United States Court of Appeals, Eleventh Circuit
May 31, 2023
No. 22-11647 (11th Cir. May. 31, 2023)

Opinion

22-11647

05-31-2023

RAHEEM ELLIS, Plaintiff-Appellant, v. ACTING COMMISSIONER OF SOCIAL SECURITY, Defendant-Appellee.


DO NOT PUBLISH

Appeal from the United States District Court for the Northern District of Georgia D.C. Docket No. 1:20-cv-02868-AJB

Before JORDAN, BRANCH, and TJOFLAT, Circuit Judges.

PER CURIAM:

Raheem Ellis appeals from the District Court's order affirming the Commissioner of the Social Security Administration's (the "Commissioner") denial of his application for disability insurance benefits ("DIB"), pursuant to 42 U.S.C. § 405(g).

According to 42 U.S.C. § 405(g), "[a]ny individual, after any final decision of the Commissioner of Social Security made after a hearing to which he was a party, irrespective of the amount in controversy, may obtain a review of such decision by a civil action commenced within sixty days after the mailing to him of notice of such decision or within such further time as the Commissioner of Social Security may allow."

On appeal, Ellis argues that substantial evidence does not support the Administrative Law Judge's (the "ALJ") decision to give little weight to the opinions of treating psychiatrists, Dr. Lantie Quinones and Dr. Linda Welkovich; non-treating psychologist, Dr. Roger Raftery; and non-treating Social Security Administration ("SSA") medical expert, Dr. Sridhar Yaratha. He also asserts that, because Dr. Yaratha was a medical expert brought in at the ALJ's behest, the ALJ should have recontacted Dr. Yaratha to clarify her opinion as needed before discounting it. He states that, by failing to do so, the ALJ abdicated her duty to develop a full and fair record.
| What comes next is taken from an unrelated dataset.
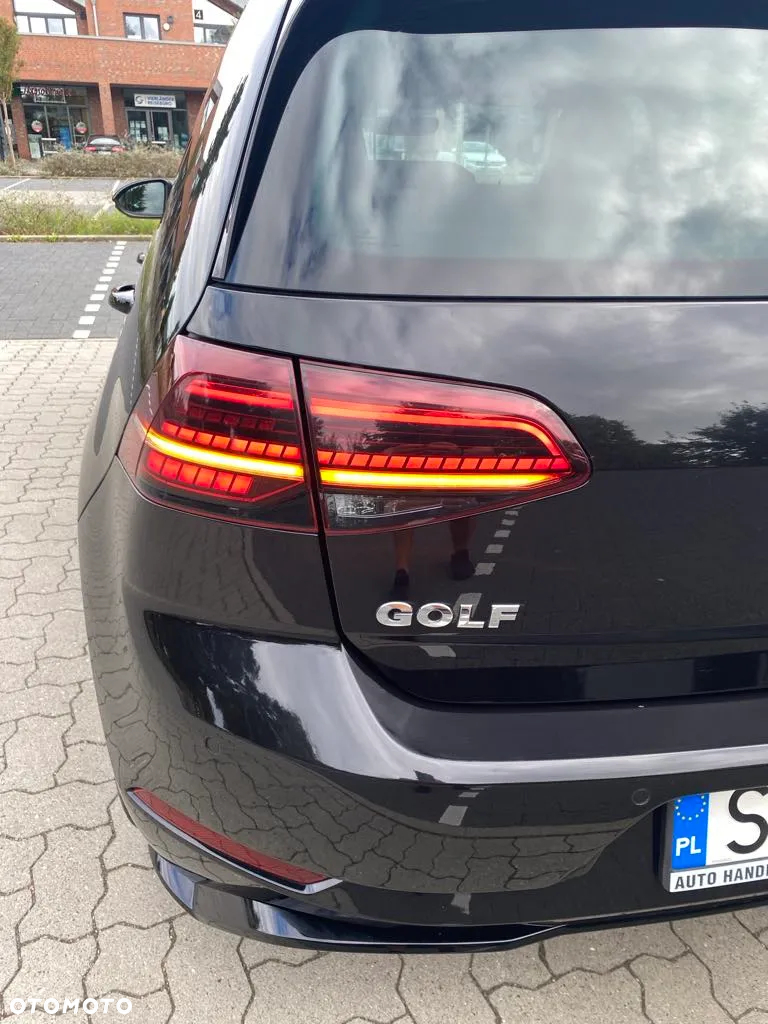 Volkswagen Golf 1.5 eTSI OPF DSG R-Line - 16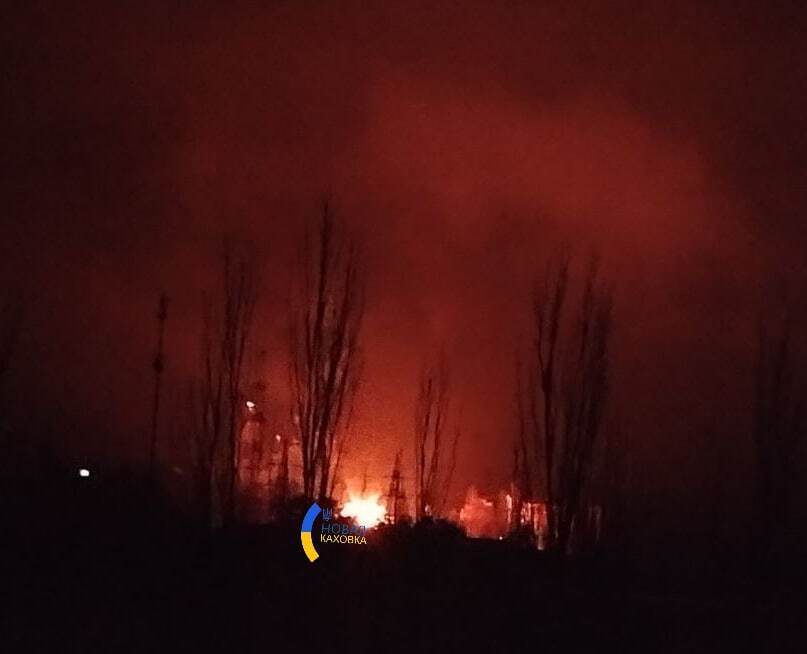 У Новій Каховці після "привіту" окупантам від ЗСУ спалахнула потужна пожежа, в місті частково зникло світло. Фото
Because the Appeals Council declined to review the ALJ's decision, we review it as the Commissioner's final decision. Doughty v. Apfel, 245 F.3d 1274, 1278 (11th Cir. 2001). We review whether the Commissioner's DIB decisions are supported by substantial evidence and review de novo whether the correct legal standards were applied. See Moore v. Barnhart, 405 F.3d 1208, 1211 (11th Cir. 2005). Substantial evidence is any relevant evidence, greater than a scintilla, that a reasonable person would accept as adequate to support a conclusion. Lewis v. Callahan, 125 F.3d 1436, 1440 (11th Cir. 1997). "[T]he threshold for such evidentiary sufficiency is not high." Biestek v. Berryhill, 139 S.Ct. 1148, 1154 (2019).

If, considering the record as a whole, substantial evidence supports the Commissioner's decision, we will not disturb it. Lewis, 125 F.3d at 1439. Even if the evidence preponderates against the Commissioner's decision, we must affirm if substantial evidence supports the disability determination. Dyer v. Barnhart, 395 F.3d 1206, 1210 (11th Cir. 2005) (per curiam). Under this standard of review, we will not decide the facts anew, make credibility determinations, or reweigh the evidence. Winschel v. Comm'r of Soc. Sec., 631 F.3d 1176, 1178 (11th Cir. 2011).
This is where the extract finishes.